INTERPRETATION: GAAR provisions, would not, prima facie, apply to a decision of leasing (as against purchase of an asset). However, if it is a case of circular leasing, i.e. the taxpayer leases out an asset and through various sub-leases, takes it back on lease, thus creating a tax benefit without any change in economic substance, Revenue would examine the matter for invoking GAAR provisions.

EXAMPLE 2:    Lets’ consider a company “A”, borrowed money from a company “B” and used that to buy shares in three 100% subsidiary companies of “A”. Though the fair market value of the shares was Rs. 20(say), “A” paid Rs. 120 for each share. The amount received by the said subsidiary companies was transferred back to another company connected to “B” (lender). The said shares were sold by “A‟ for    Rs. 4 each and a short-term capital loss was claimed and this was set-off against other long-term capital gains.

 INTERPRETATION: By the above arrangement, the taxpayer has obtained a tax benefit and created rights or obligations which are not ordinarily created between persons dealing at arm’s length. Revenue would invoke GAAR with regard to this arrangement.

PRINCIPLES BY JUDICIAL GAAR

SHAM DOCTRINE:  Applied by courts in cases where the substance of a transaction, as intended by the parties, is not correctly represented by the documentation, i.e. the rights and obligations apparently created differ from those actually intended by the parties.

SUBSTANCE OVER FORM Courts look into the economic or fiscal substance of a transaction, rather than the legal effects of a transaction, to determine the tax consequences of the transaction.

STEP TRANSACTION Transactions that are undertaken for no purpose other than to avoid tax, and involve a series of legally ineffective steps, are taxed on the basis of their ultimate result, thereby ignoring the intervening steps.

BUSINESS PURPOSE TEST Transactions are tested for a real business purpose, or any legitimate non-tax purpose, i.e. transactions largely motivated by the desire to minimize or avoid tax are ignored.

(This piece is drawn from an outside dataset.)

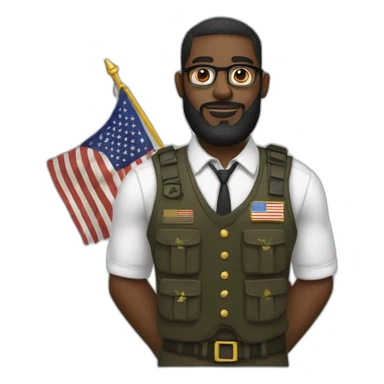 black soldier with a long beard, a part in hair, wearing glasses, a white collared shirt, a bow tie, bulletproof vest with an american flag sticker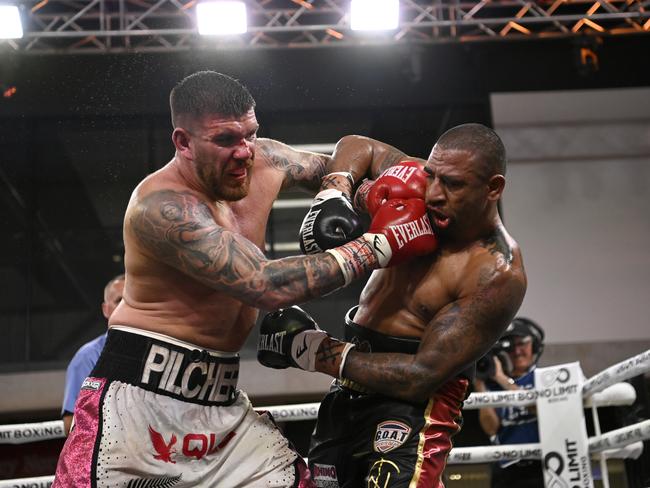 Troy Pilcher defeated Renold Quinlan at the No Limit Boxing event on March 6. Picture: No Limit Boxing/Greg Porteous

WHY GAAR WAS INTRODUCED: A JUSTIFICATION

i) Negate abusive tax avoidance arrangements that result in revenue loss;

ii) Codification of the principle of “Substance over form”;

iii) Enact appropriate provisions for examining cases of tax avoidance & planning;

iv) Plugging loopholes in law that result in tax avoidance;

v) Critical examination of inbound/outbound transaction and check treaty shopping;

vi) Deterrent against use of legal constructions to avoid tax; and

vii) Preserve the tax base of the country from erosion.

APPLICABILITY OF GAAR: [CHAPTER-XA]

SECTION 95 OF INCOME TAX ACT “APPLICABILITY OF GENERAL ANTI-AVOIDANCE RULE”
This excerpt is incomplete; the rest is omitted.